Ich will mich weiterhin nicht an diesen Spekulationen beteiligen, sondern einmal mehr auf den unpopulären Hinweis beschränken, dass diese Regierung, wie schon ihre Vorgängerin, weit besser als ihr Ruf ist. Ich hoffe deshalb nach wie vor, dass Christian Kern und Reinhold Mitterlehner in Ruhe weiterarbeiten und dass Mitterlehner die Führung der ÖVP Anfang 2018, nach dem Muster Sigmar Gabriels in Deutschland, in aller Ruhe an den schwarzen „Kanzlerkandidaten“ Sebastian Kurz übergibt, der ihr den in Umfragen zu recht vermuteten Aufschwung beschert. Ich halte für möglich, ja wahrscheinlich, dass die ÖVP auf diese Weise als Sieger aus termingerechten Wahlen hervorgeht, ohne dass Monate hindurch nicht mehr gearbeitet werden würde. Meines Erachtens wüssten die Wähler eine solche Vorgangsweise zu schätzen und schrieben sie Kern wie vor allem Mitterlehner gut. Kurz halte ich jedenfalls für intelligent genug, sich lange zu überlegen, ob er mit der FPÖ als Koalitionspartner wirklich besser fährt als mit der SPÖ. Denn die große Herausforderung der kommenden Jahre wird unverändert die wirtschaftliche Entwicklung sein. Und es wird einmal mehr der viel gescholtenen Zusammenarbeit der Sozialpartner bedürfen, ihr erfolgreich zu begegnen.

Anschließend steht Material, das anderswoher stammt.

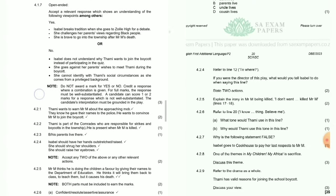Question 4.2.5: Explain the irony in Mr. M being killed, lines 17 to 18. Mr. M thinks he is doing the children a favor by giving their names to the Department of Education — he thinks it will bring them back to class. But ironically, it causes his death.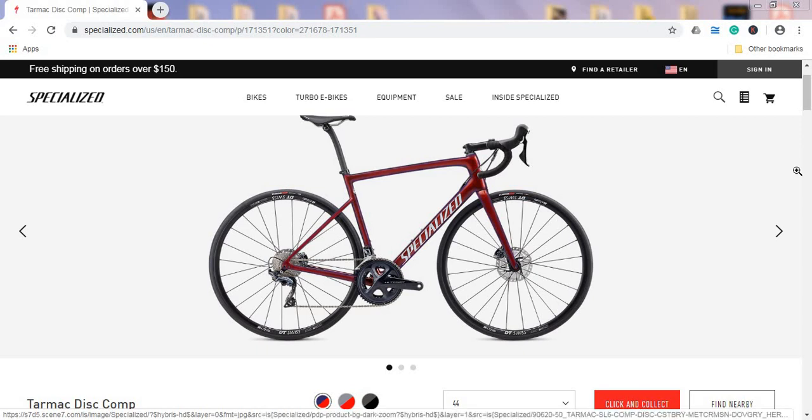Hello ladies and gents and welcome to another episode of Cycling Insider. In this episode let's talk about the Big S, Big Specialized, and this time let's talk about the Tarmac Disc Comp bike for 2020 season.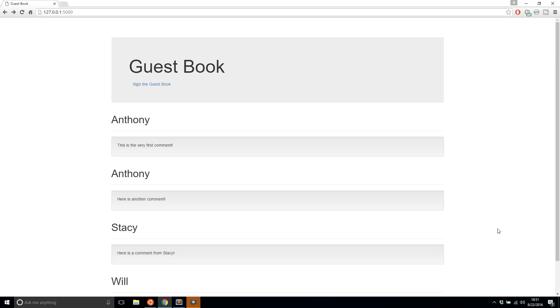You should also have some kind of database driver installed on your local machine. When you get to the database section of this course, I'm using MySQL, but you can use any database that you like. Just know that whatever database you choose to use, you have to have the Python library set up for it.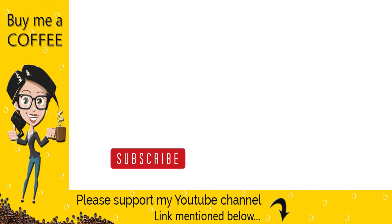With this we have come to the end of this video tutorial. Please like, comment and share the video if you find it helpful and also do not forget to subscribe to our channel and click the bell icon. It encourages us to do more videos like this for you. Thank you.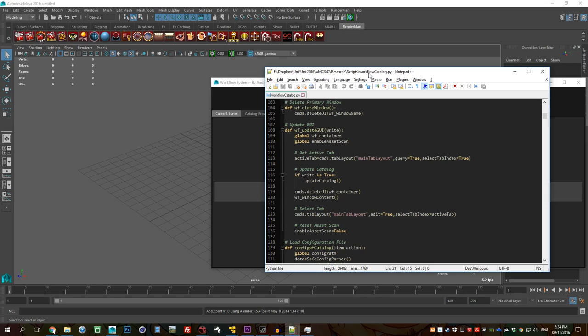Hello everyone, my name is Andrew Dunkley and today I'm going to be showing off this workflow catalog script that I wrote in Python.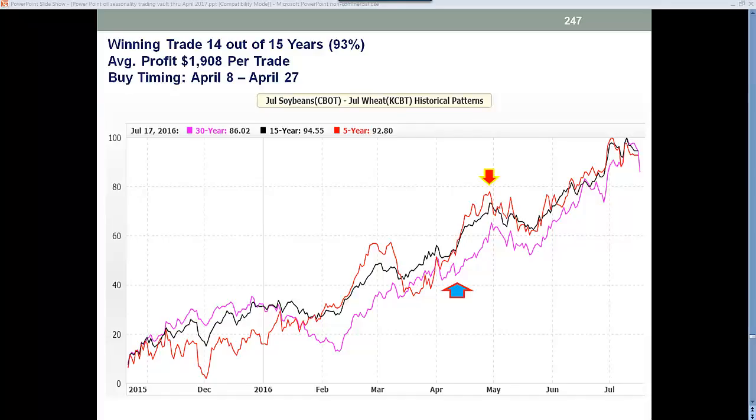Hi, Larry Gaines, Power Cycle Trading. In yesterday's video, I discussed the seasonality effects in trading with the seasonal trend.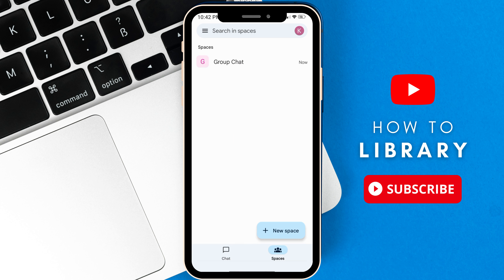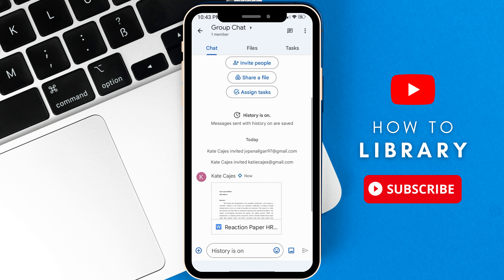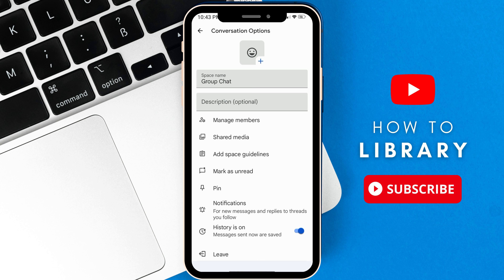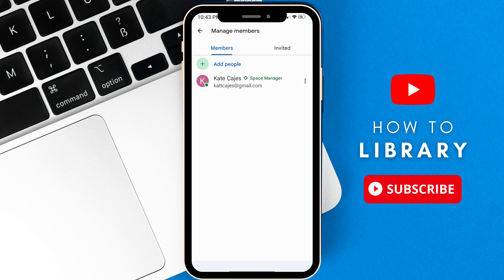You go to your group chat, click on your group chat name, go to manage members, click on the invited option button.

Ich wiederhole, dass das von diesen angeblich verknöcherten Sozialpartnern 2009 geschnürte Maßnahmenpaket Österreich die schwerste Wirtschaftskrise seit den 1930er-Jahren besser – mit weniger Verlust an Wachstum und geringerer Zunahme an Verschuldung – überwinden ließ als fast alle anderen Länder der EU. Dass sich Österreichs Wirtschaft im Gegensatz zum Gesudere von Kammerpräsident Christoph-„Abgesandelt“-Leitl auch in der Folge so gut entwickelt hat, wie der „Sparpakt“ und eine verspätete Steuerreform – der einzige grobe ökonomische Fehler dieser Regierung – es zuließen: Der Abstand in der wirtschaftlichen Leistungsfähigkeit (gemessen als BIP pro Kopf) zur Nummer drei der EU, Holland, hat sich verringert.

Die jüngsten Zahlen zeigen das Land weiter auf einem guten Weg:

– Im Jahresdurchschnitt 2016 stieg der Produktionsindex um zwei Prozent gegenüber dem Vorjahr und damit, wie schon 2015, doppelt so stark wie in Deutschland.

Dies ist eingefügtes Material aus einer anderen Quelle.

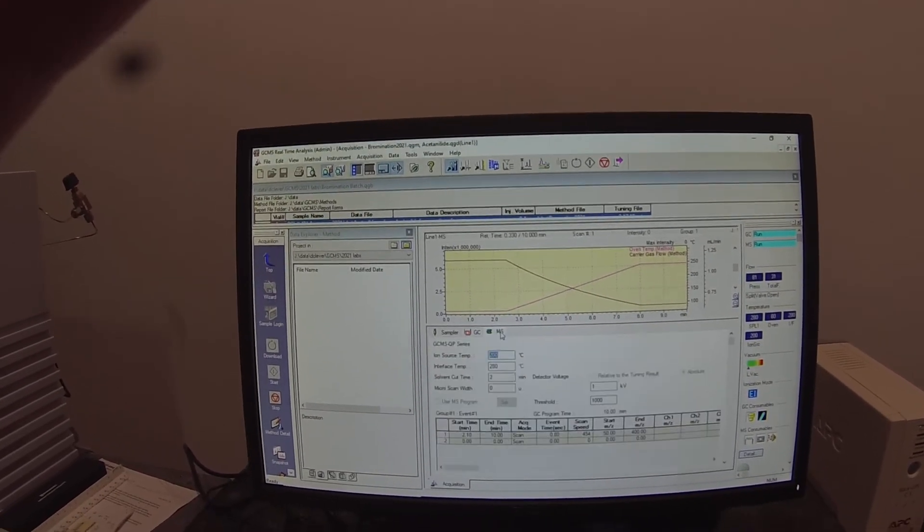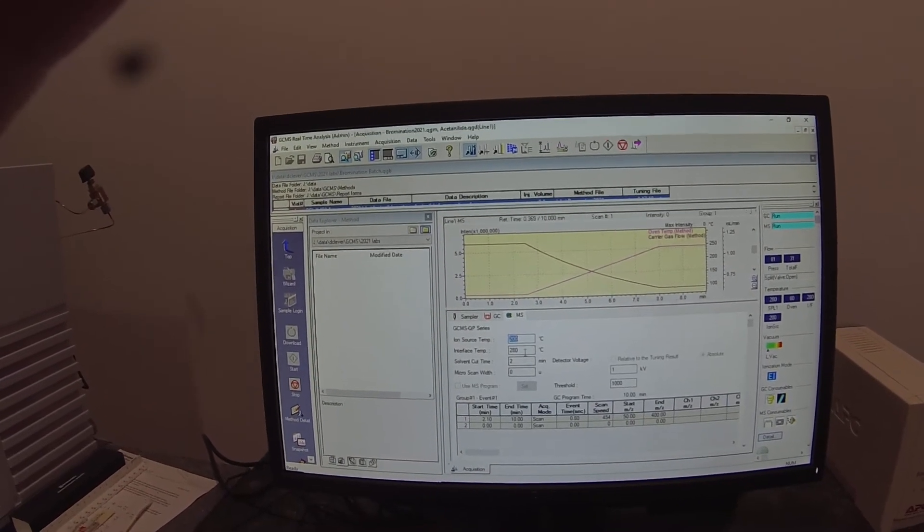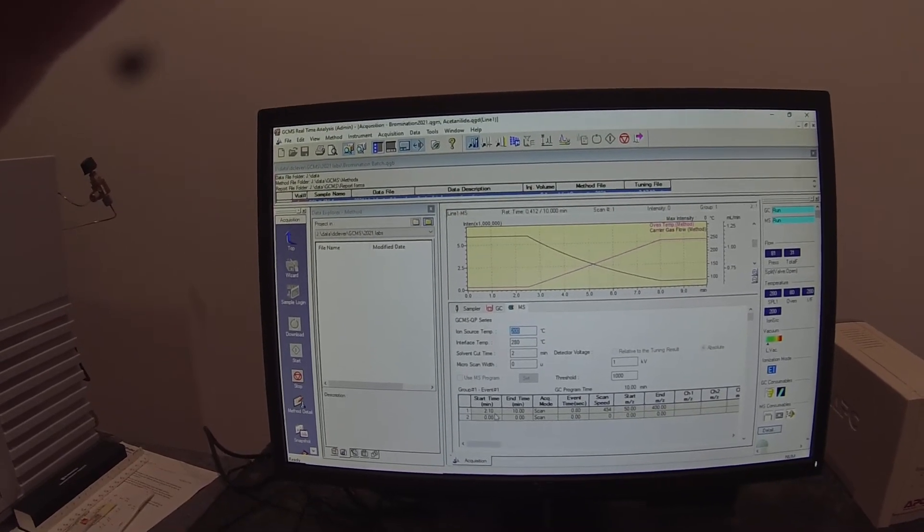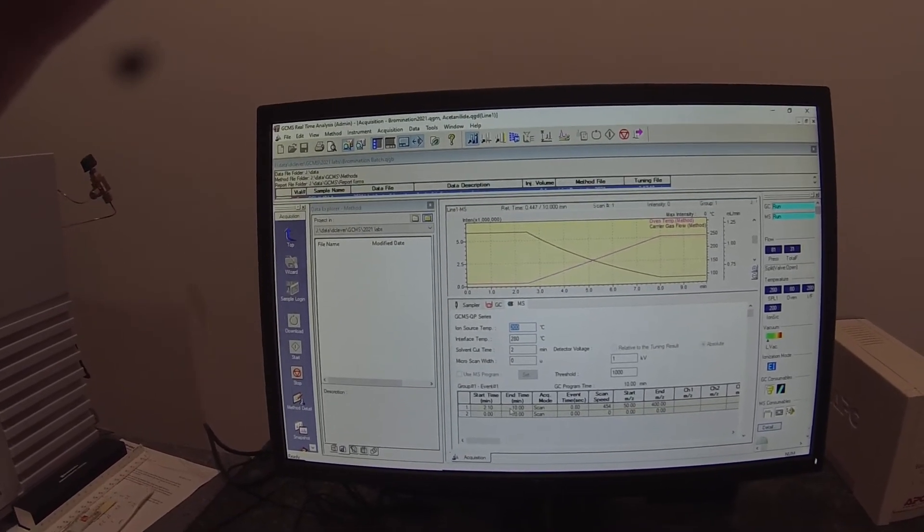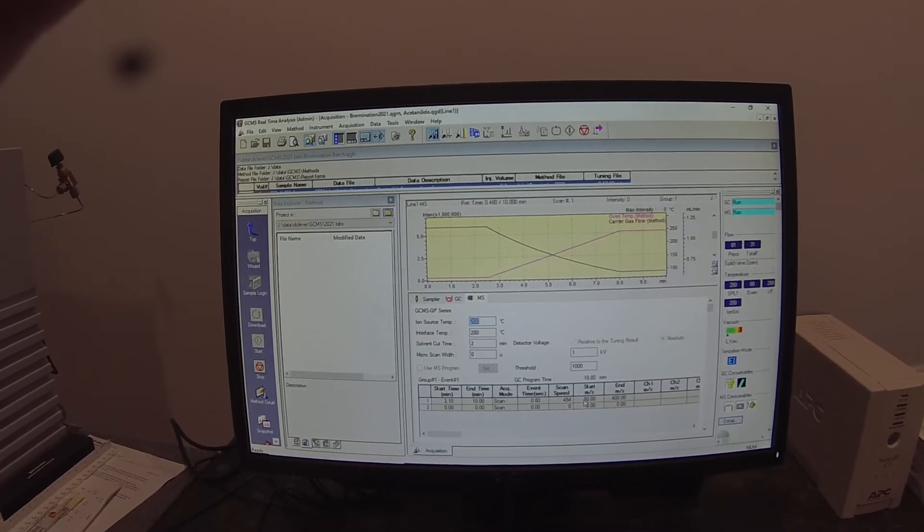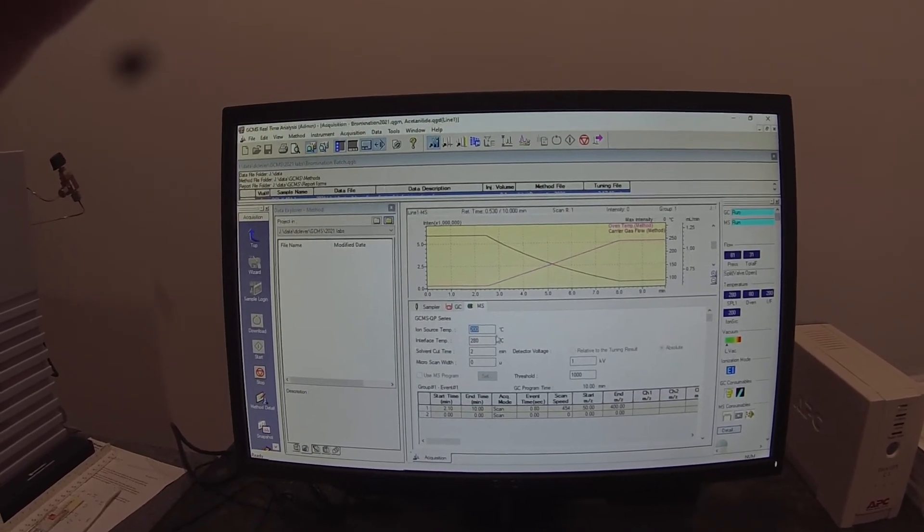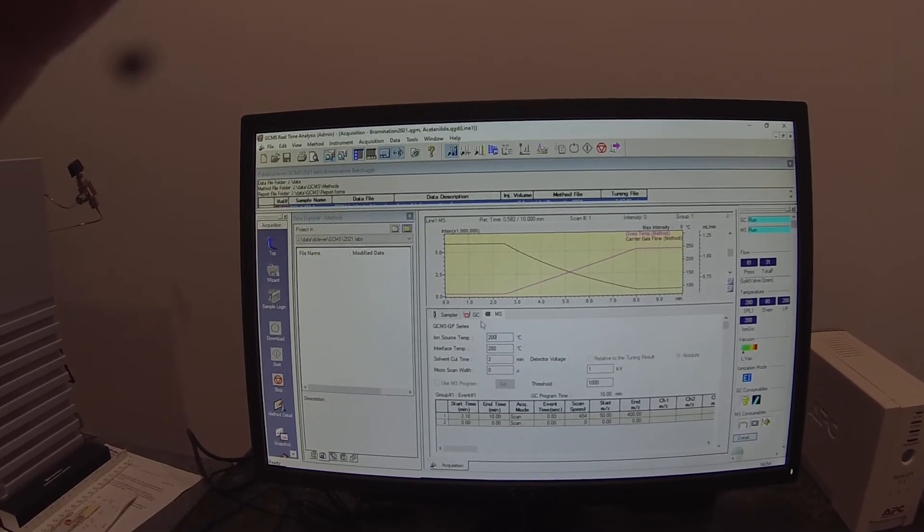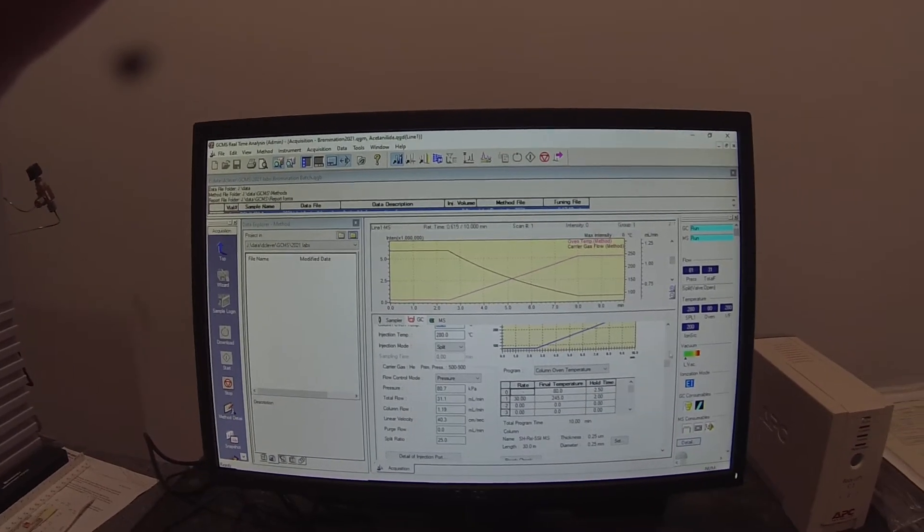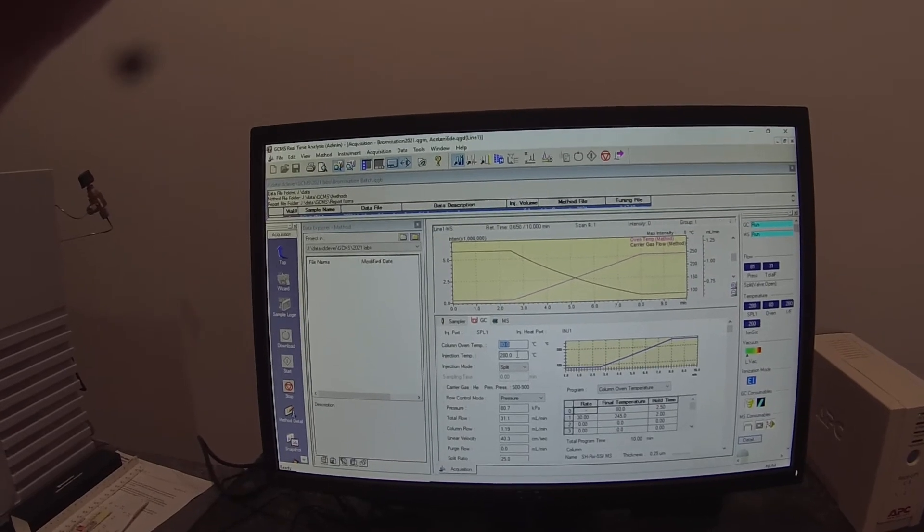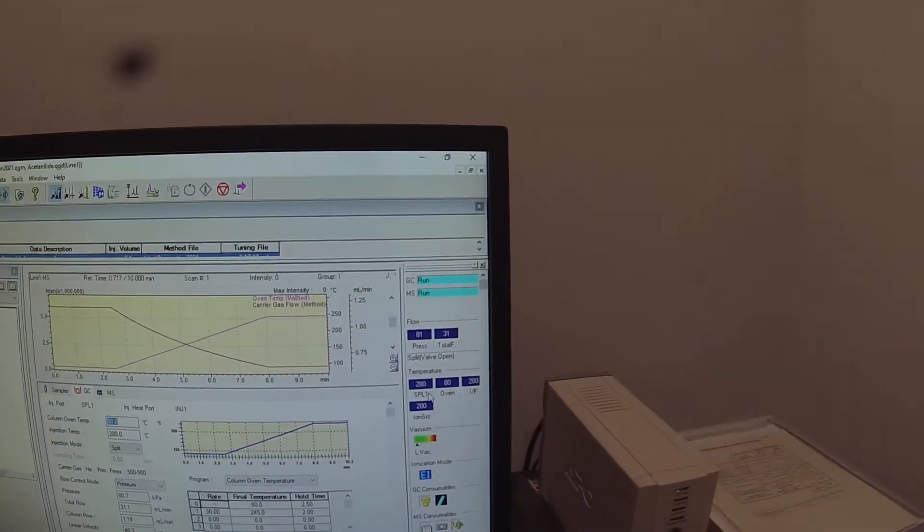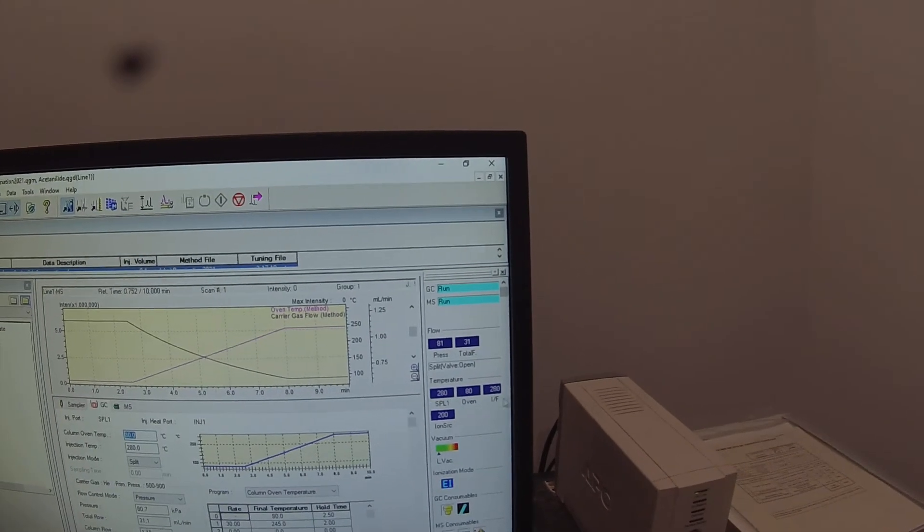Under the mass spec tab we've got a solvent cut time of two minutes where the methanol will come off and then we're collecting data from 2.1 to 10 minutes at a molecular weight range from 50 to 400. The interface is at 280 and the ion source is at 200 and I forgot to mention that the injection port temperature is also at 280. That's also over here.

– Hintergrund ist, neben der Exportstärke der vielen weltmarktführenden Klein- und Mittelbetriebe, die wachsende Inlandsnachfrage, für die die Steuerreform, spät aber doch, den Weg geebnet hat. Schnell lernend, hat Finanzminister Hans Jörg Schelling gefordert, die „kalte Progression“ in Zukunft automatisch auszuschalten. Wieder einmal ist die schwarz-rote Einigung darüber wirtschaftspolitisch ungleich bedeutender als die Auseinandersetzung darüber, wie dieser Mechanismus im Detail beschaffen sein soll. (Ich persönlich glaube, dass es zielführender ist, wenn die Entlastung, wie von der SPÖ gefordert, bei den Geringverdienern stärker ausfällt – denn sie stecken jeden zusätzlichen Cent in den Konsum –, aber sie ist auch bei den Besserverdienern mehr als gerechtfertigt.)

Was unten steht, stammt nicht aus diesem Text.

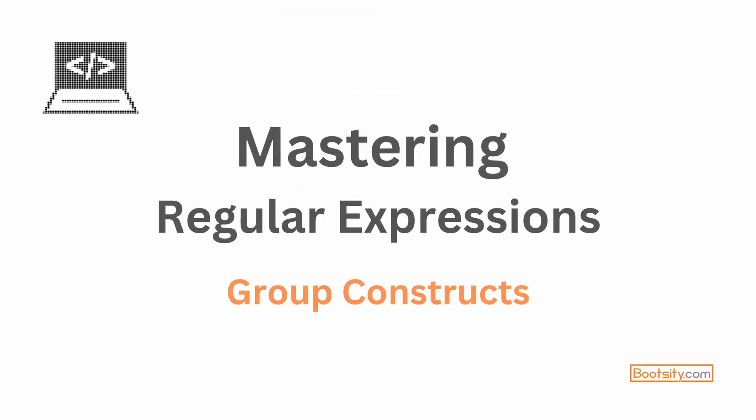Hi, welcome back to the sixth video in the series of Mastering Regular Expressions. In the last few videos we have learned a lot about regular expressions which includes quantifiers, anchors, meta sequences, and modifiers. In the last video on modifiers or flags, we learned how we can turn a particular flag on or off and by doing so we are directing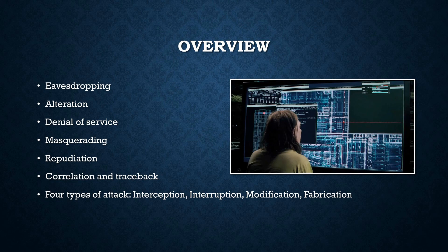In this lesson, I'll be covering eavesdropping, alteration, denial of service, masquerading, repudiation, correlation and traceback, and the four types of attack: interception, interruption, modification, and fabrication.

– Die gute Konjunktur spiegelt sich auch auf dem Arbeitsmarkt: Die Zahl der Beschäftigten wächst um etwa 60.000 (+1,5 Prozent). Nach Jahren des Rückgangs nimmt dabei sogar die Vollzeitbeschäftigung von Inländern wieder deutlich zu. Obwohl das Angebot an Arbeitskräften durch die Zuwanderung weiterhin kräftig wächst, geht seit November 2016 sogar die Zahl der Arbeitslosen gegenüber dem Vorjahr leicht zurück.

Ich gebe die Hoffnung nicht auf, dass sich die Berichterstattung irgendwann wieder mehr mit diesen Zahlen als mit Sobotkas Kinn auseinandersetzt.